What is being asked:
Leave out every line that comes before the one containing "Внешний аккумулятор Baseus", and reproduce the rest of the listing below exactly, through its last line.

Given data:
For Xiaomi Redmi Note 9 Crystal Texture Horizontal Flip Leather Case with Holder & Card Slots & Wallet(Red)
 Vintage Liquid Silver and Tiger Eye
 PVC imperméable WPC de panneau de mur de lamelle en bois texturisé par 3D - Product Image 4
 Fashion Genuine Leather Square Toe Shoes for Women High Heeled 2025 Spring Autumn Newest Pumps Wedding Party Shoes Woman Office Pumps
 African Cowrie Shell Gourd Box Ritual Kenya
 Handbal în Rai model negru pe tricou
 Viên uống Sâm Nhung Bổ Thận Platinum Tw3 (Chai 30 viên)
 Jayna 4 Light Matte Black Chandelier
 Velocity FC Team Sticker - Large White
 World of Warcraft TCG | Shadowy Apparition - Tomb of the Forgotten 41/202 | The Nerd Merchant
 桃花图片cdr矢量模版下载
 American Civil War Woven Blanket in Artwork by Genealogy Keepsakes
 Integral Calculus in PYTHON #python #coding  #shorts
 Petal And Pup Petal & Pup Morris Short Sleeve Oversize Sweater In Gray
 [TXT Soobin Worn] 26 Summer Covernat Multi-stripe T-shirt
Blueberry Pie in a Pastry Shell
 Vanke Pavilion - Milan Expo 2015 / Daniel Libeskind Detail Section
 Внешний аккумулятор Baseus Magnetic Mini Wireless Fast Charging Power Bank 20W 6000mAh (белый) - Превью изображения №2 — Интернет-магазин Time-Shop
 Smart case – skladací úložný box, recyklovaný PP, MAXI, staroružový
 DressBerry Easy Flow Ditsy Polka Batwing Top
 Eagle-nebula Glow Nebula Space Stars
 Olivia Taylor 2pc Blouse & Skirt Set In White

Result of the task:
 Внешний аккумулятор Baseus Magnetic Mini Wireless Fast Charging Power Bank 20W 6000mAh (белый) - Превью изображения №2 — Интернет-магазин Time-Shop
 Smart case – skladací úložný box, recyklovaný PP, MAXI, staroružový
 DressBerry Easy Flow Ditsy Polka Batwing Top
 Eagle-nebula Glow Nebula Space Stars
 Olivia Taylor 2pc Blouse & Skirt Set In White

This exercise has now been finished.